Возвращаюсь в кабинет к идеологу и отцу-основателю «Одного речевого дня» доктору Асиновскому. У меня куча вопросов. Во-первых, если наша устная языковая реальность так печальна, то что же остается от русской языковой нормы, за которую до сих пор мы в редакции «Русского репортера» жизнь клали?
— Знаете, — после долгой паузы говорит Александр, — из этого эксперимента у меня родилось ощущение, что к двум известным болезням, дисграфии и дислексии, нужно добавить третью — дислингвию, утрату языка вообще, переход на язык жестов, принципиальный уход от слова. Такое количество разрушенного смысла или откровенной лжи культура не выдерживает. Возникает такая речевая практика, когда слова уже не найти — где это слово?
— Это вы сейчас говорите в пылу полемики или констатируете научно установленный факт?
— Я, конечно, говорю с пафосом и, разумеется, несколько утрирую. Для научных выводов пока путь маловат.
— Но если все так плохо, может быть, речь — это вообще не язык, а только некие сигналы, которые мы посылаем для понимания идеального смысла, существующего в сознании?
— Это у вас сейчас платоническое настроение, — смеется Асиновский. — Есть идея и вещь, есть сущность и проявление. Вы про это говорите? Но ведь тогда нам нужно будет допустить, что мы с вами не обмениваемся звуковыми волнами, а общаемся на ментальном уровне. А если все-таки обмениваемся, значит, мы должны уметь работать не только с идеальным, но и с реальным звучанием. Нужно найти идеальное в реальном.

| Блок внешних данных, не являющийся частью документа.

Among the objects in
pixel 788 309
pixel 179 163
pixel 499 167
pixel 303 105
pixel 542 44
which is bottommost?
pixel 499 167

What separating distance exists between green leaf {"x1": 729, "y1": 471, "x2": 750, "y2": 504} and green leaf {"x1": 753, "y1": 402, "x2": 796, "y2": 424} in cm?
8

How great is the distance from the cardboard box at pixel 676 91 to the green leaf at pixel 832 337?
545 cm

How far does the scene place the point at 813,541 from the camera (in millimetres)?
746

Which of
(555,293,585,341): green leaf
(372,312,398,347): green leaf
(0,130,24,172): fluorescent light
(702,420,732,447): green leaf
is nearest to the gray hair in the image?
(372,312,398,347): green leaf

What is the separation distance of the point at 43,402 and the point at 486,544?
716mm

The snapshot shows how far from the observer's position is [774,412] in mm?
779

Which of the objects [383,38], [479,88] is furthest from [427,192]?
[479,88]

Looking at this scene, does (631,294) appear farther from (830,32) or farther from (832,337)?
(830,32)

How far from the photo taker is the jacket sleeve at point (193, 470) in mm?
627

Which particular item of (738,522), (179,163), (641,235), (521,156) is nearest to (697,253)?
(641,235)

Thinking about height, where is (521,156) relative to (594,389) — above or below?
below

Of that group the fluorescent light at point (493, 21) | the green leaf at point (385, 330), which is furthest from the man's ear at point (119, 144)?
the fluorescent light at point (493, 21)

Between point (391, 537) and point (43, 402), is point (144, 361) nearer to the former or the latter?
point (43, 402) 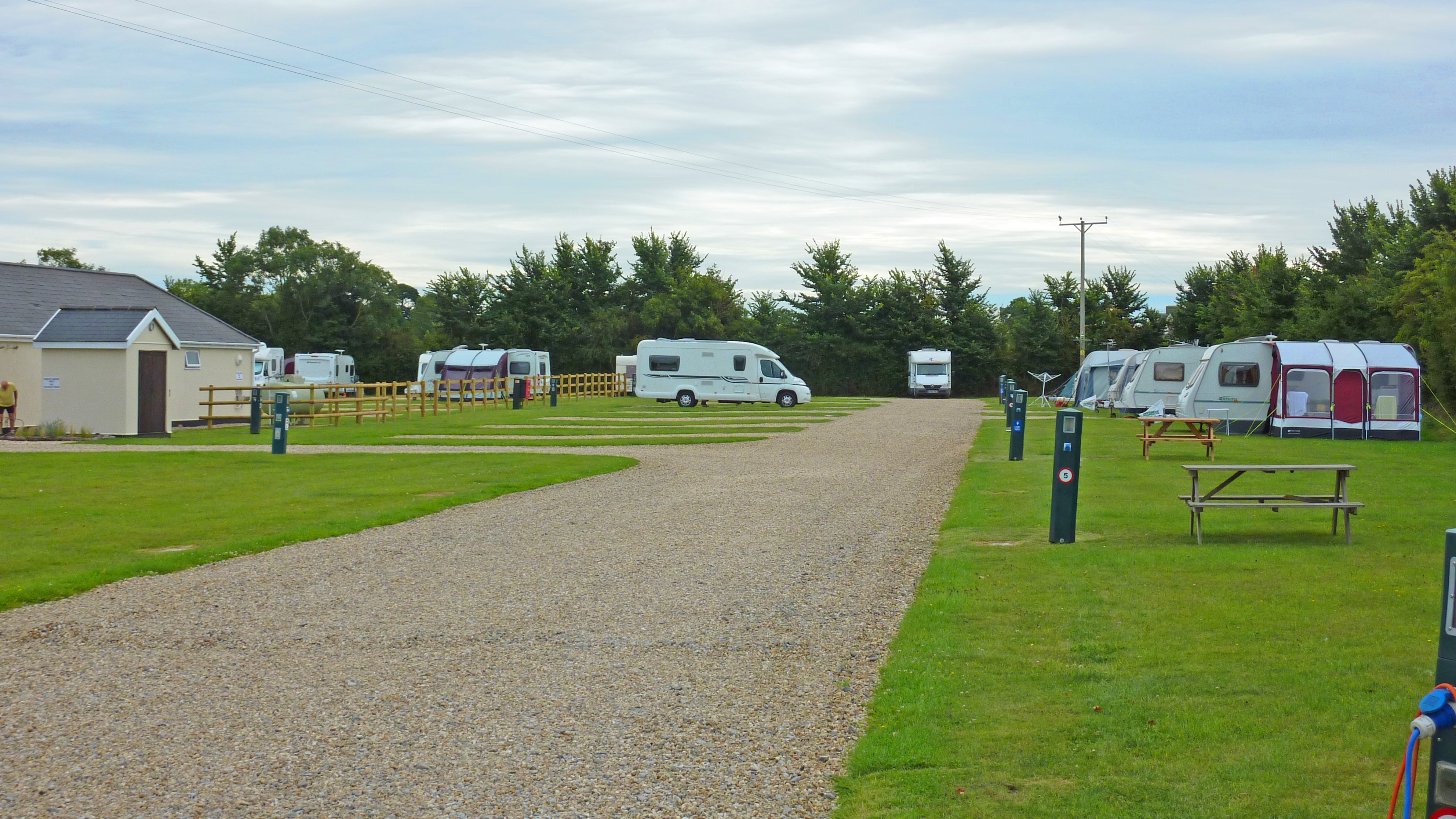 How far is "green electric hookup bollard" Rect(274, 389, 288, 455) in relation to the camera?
21219 millimetres

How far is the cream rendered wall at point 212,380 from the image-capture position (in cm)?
3128

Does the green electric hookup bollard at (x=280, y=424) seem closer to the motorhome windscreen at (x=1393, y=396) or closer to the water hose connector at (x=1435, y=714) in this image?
the water hose connector at (x=1435, y=714)

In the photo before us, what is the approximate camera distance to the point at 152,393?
26906 millimetres

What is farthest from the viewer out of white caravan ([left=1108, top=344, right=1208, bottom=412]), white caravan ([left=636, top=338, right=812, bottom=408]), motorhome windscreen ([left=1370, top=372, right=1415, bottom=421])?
white caravan ([left=636, top=338, right=812, bottom=408])

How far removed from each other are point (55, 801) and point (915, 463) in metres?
15.6

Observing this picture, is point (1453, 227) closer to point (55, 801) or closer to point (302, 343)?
point (55, 801)

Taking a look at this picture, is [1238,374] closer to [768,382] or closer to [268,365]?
[768,382]

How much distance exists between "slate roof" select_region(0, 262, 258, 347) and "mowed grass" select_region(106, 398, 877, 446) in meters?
3.47

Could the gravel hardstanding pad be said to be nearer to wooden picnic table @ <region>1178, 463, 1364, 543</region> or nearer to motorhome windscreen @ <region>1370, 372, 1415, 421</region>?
wooden picnic table @ <region>1178, 463, 1364, 543</region>

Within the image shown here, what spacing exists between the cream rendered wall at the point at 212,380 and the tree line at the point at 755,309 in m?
30.6

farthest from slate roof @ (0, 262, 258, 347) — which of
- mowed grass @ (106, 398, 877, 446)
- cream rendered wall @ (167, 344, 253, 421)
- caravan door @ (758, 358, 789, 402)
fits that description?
caravan door @ (758, 358, 789, 402)

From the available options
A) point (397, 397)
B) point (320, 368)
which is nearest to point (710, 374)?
point (397, 397)

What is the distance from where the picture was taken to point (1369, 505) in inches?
496

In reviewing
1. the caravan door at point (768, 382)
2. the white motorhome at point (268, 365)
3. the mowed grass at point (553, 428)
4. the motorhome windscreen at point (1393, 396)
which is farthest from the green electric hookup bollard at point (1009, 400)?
the white motorhome at point (268, 365) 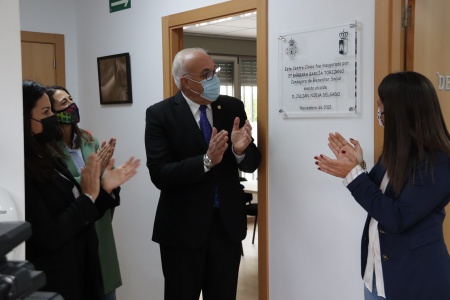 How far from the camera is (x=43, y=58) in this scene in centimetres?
383

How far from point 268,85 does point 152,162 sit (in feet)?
2.36

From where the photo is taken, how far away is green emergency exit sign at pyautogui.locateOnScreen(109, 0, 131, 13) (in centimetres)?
350

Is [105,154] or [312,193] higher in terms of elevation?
[105,154]

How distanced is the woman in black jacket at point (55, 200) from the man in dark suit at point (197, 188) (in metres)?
0.48

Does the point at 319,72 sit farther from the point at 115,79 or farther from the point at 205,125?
the point at 115,79

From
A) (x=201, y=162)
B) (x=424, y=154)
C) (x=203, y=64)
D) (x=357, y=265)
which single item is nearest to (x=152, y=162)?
(x=201, y=162)

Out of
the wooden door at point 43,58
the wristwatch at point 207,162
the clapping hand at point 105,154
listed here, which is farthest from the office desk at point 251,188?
the clapping hand at point 105,154

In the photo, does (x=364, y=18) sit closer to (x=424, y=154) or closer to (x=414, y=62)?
(x=414, y=62)

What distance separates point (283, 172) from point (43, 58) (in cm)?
221

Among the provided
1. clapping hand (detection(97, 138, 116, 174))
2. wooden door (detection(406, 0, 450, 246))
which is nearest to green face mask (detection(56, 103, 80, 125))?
clapping hand (detection(97, 138, 116, 174))

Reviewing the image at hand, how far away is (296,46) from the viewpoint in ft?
8.18

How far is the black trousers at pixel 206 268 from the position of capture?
2.46 meters

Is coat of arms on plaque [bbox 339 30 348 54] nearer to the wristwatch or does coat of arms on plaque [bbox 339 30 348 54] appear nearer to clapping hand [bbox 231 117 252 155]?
clapping hand [bbox 231 117 252 155]

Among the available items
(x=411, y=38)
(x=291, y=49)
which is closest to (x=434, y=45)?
(x=411, y=38) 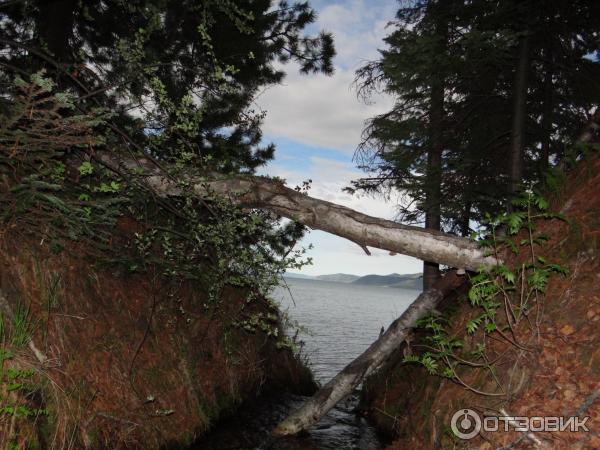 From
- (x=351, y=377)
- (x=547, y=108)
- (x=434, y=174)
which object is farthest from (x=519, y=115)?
(x=351, y=377)

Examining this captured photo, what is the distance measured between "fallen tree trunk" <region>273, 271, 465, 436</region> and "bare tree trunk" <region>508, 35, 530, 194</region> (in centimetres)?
275

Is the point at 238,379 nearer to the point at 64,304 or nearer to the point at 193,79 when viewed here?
the point at 64,304

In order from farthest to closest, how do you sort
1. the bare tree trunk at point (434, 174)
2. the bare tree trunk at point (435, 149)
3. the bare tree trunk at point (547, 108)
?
the bare tree trunk at point (434, 174) → the bare tree trunk at point (547, 108) → the bare tree trunk at point (435, 149)

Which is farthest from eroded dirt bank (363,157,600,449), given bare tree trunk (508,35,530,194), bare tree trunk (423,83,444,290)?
bare tree trunk (423,83,444,290)

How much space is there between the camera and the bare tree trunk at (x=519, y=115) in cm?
629

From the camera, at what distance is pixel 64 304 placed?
3883 millimetres

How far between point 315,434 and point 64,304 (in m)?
4.11

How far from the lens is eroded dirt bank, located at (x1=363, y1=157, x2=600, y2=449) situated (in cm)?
306

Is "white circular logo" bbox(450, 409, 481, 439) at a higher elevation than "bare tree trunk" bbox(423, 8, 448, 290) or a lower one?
lower

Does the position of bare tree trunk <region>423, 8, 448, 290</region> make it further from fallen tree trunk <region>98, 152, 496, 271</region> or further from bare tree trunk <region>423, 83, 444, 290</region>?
fallen tree trunk <region>98, 152, 496, 271</region>

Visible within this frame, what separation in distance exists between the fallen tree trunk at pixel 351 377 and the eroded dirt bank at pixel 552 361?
805mm

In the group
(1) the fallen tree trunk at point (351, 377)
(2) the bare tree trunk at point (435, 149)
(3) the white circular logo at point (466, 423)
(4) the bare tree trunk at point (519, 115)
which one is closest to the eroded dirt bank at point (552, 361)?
(3) the white circular logo at point (466, 423)

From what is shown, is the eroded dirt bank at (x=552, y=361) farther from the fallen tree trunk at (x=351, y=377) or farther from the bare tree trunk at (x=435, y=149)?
the bare tree trunk at (x=435, y=149)

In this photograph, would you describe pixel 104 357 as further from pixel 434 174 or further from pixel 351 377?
pixel 434 174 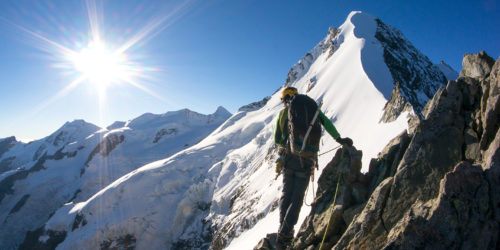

— Есть старый анекдот про зэков, которые сидят в камере и рассказывают друг другу байки: «Номер один, номер четыре» — и все смеются. Не может ли устная речь быть просто отсылкой к некоему заведомо известному образцу?
— Не просто может — она обязательно является отсылкой к литературной форме языка. Мы понимаем то, что говорим, и можем это записать. Но тут можно обойтись и без Платона. Это все-таки не методология. Нам просто надо научиться работать с реальными сущностями. Мы очень плохо знаем реальные сущности языка, которыми пользуемся в устной форме, — вот в чем дело. Как мало языку нужно, чтобы состоялась коммуникация? Сколько на самом деле нужно падежей, флексий, правил, чтобы передать смысл? И сейчас, когда появились технологии, было бы странно, если бы мы не попытались ответить на эти вопросы.
— Практика устная и практика письменная не зависят друг от друга? Или окончания и суффиксы обречены на вымирание? Неужели мы больше не будем учить в школе падежи существительных?
— Поймите, письменная традиция зависит от того, каким образом устроена культура. Как люди относятся к традициям. Вот, например, японцы начали проводить свои проекты «Один речевой день» чуть ли не сразу после войны. Они каждый год анализируют триста речевых дней трехсот японцев и производят реформу: отмониторили какие-то изменения — и вносят коррекцию в грамматику. Японцы вообще странные люди. Они все время поправляют свою норму. Но это же полная, я бы сказал, распущенность — с нашей точки зрения!
— Устная речь не может быть полным хаосом. Должна быть какая-то структура.
— Хаос не имеет бытия, вы правы. И это не хаос, это просто неизвестная организация.
— Тогда в каком отношении эта организация находится к классической русской грамматике?
— Я бы не хотел противопоставлять устную стихию и эту болезненную дислингвию русскому языку в его письменной форме. Это просто разные ситуации. Мы ведем себя в разных ситуациях по-разному, и это нормально для культуры. В общем, вы легко можете нам сказать: «Ребята, вы чем занимаетесь? Это же не русский язык». И мы сможем ответить только одно: «Да, пожалуй, это не русский язык». Но поймите, устная речь — это тот же язык и та же грамматика, только в ней реализованы возможности, которые не являются украшением этого языка. В языке вообще невозможна ошибка. Ошибиться можно только с точки зрения нормы. Но ведь норма — это только соглашение, не система. Мы не создадим никакой отдельной грамматики — будет просто более полная грамматика русского языка, будет языковое зеркало, в которое можно посмотреть и сказать: мы сейчас говорим так.